With the pictures set aside, reproduce each entry precisely as it reads.

**Captioned web images:**
──────────

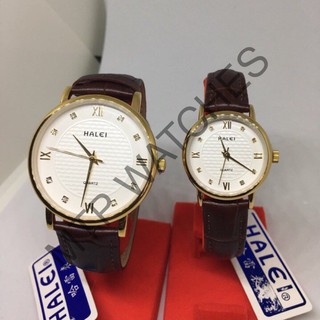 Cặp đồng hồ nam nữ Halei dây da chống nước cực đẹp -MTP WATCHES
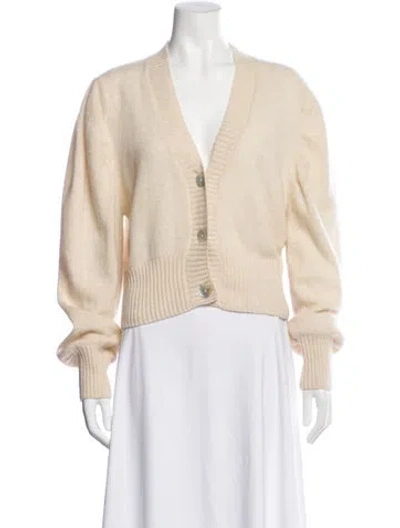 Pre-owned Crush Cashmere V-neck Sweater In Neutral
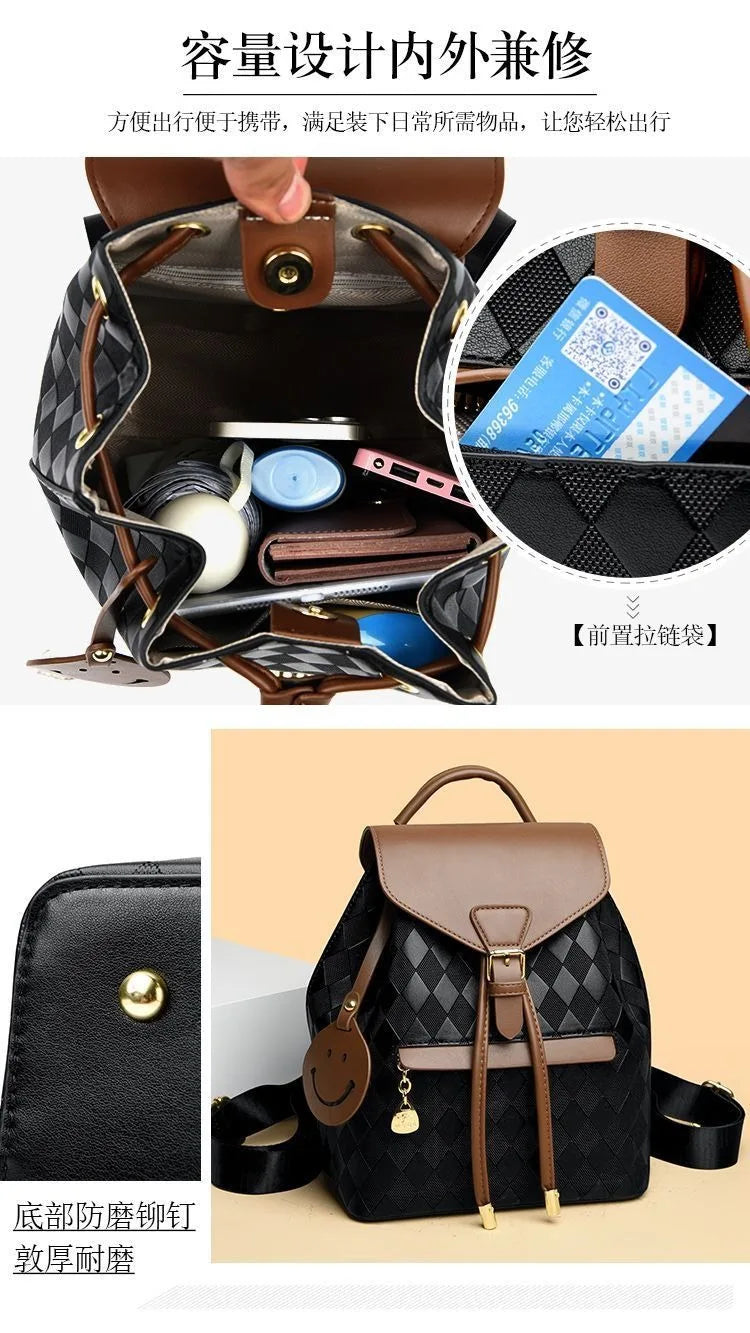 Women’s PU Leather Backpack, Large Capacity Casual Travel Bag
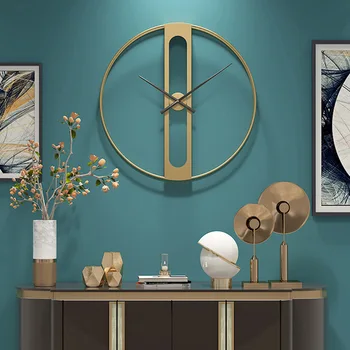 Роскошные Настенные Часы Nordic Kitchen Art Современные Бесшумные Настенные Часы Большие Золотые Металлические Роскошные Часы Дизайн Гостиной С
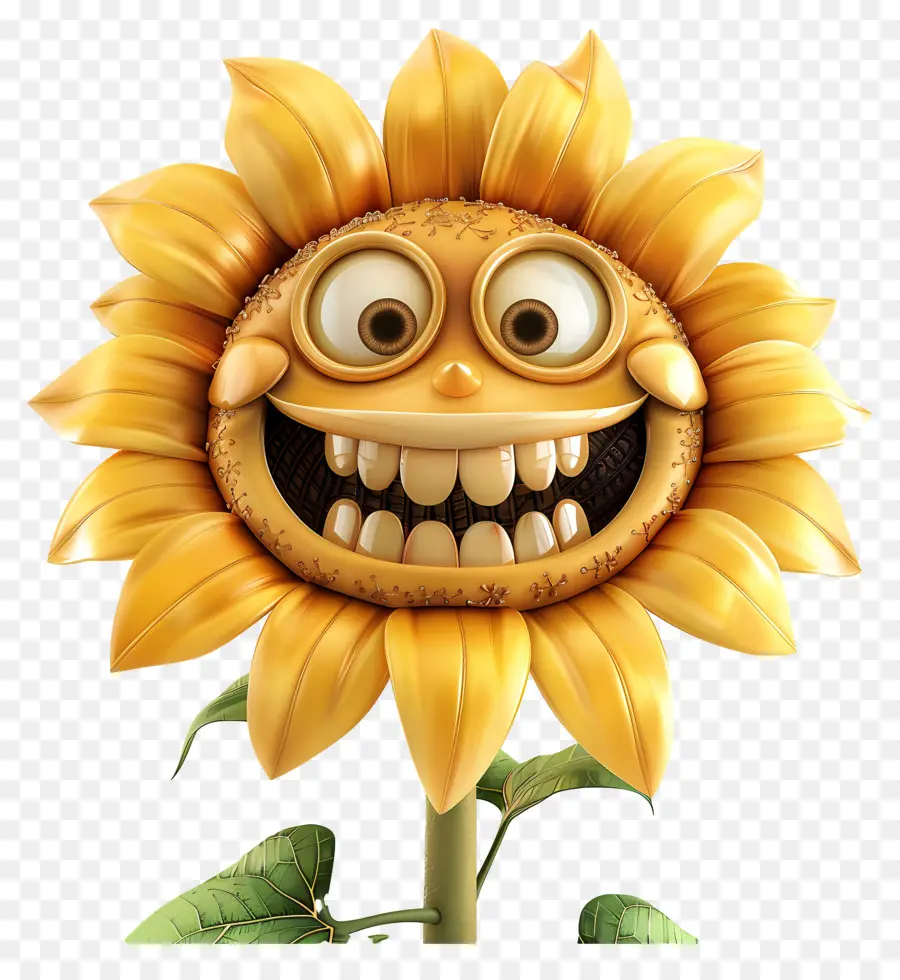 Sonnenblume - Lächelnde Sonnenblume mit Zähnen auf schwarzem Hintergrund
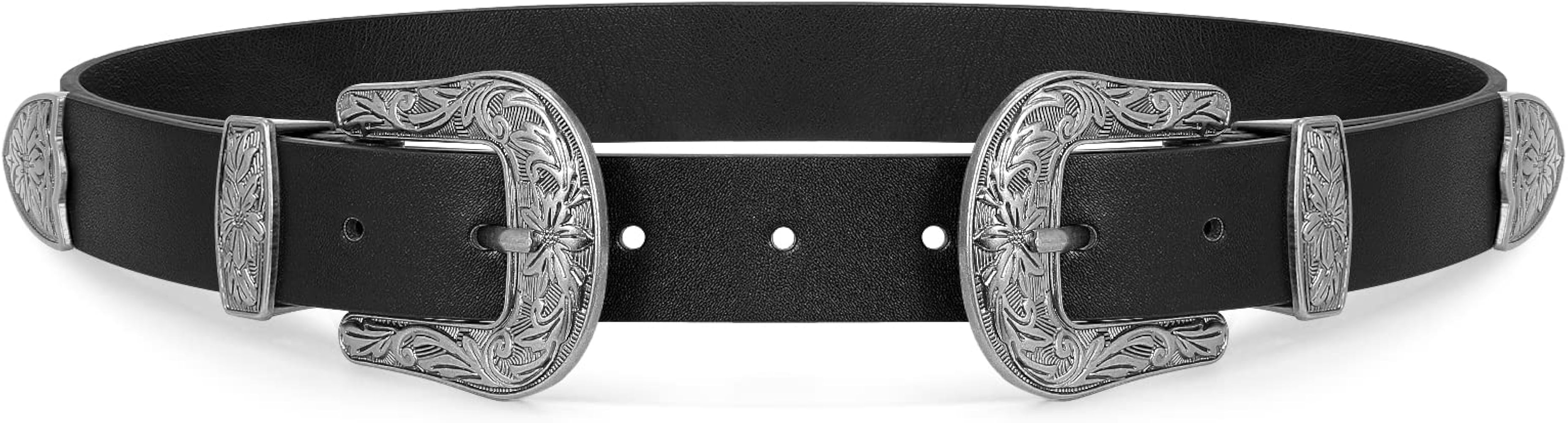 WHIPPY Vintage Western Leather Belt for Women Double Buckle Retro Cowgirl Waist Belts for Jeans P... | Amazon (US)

──────────

**Exercise answer:**
 Cặp đồng hồ nam nữ Halei dây da chống nước cực đẹp -MTP WATCHES
 Pre-owned Crush Cashmere V-neck Sweater In Neutral
 Women’s PU Leather Backpack, Large Capacity Casual Travel Bag
 Роскошные Настенные Часы Nordic Kitchen Art Современные Бесшумные Настенные Часы Большие Золотые Металлические Роскошные Часы Дизайн Гостиной С
 Sonnenblume - Lächelnde Sonnenblume mit Zähnen auf schwarzem Hintergrund
 WHIPPY Vintage Western Leather Belt for Women Double Buckle Retro Cowgirl Waist Belts for Jeans P... | Amazon (US)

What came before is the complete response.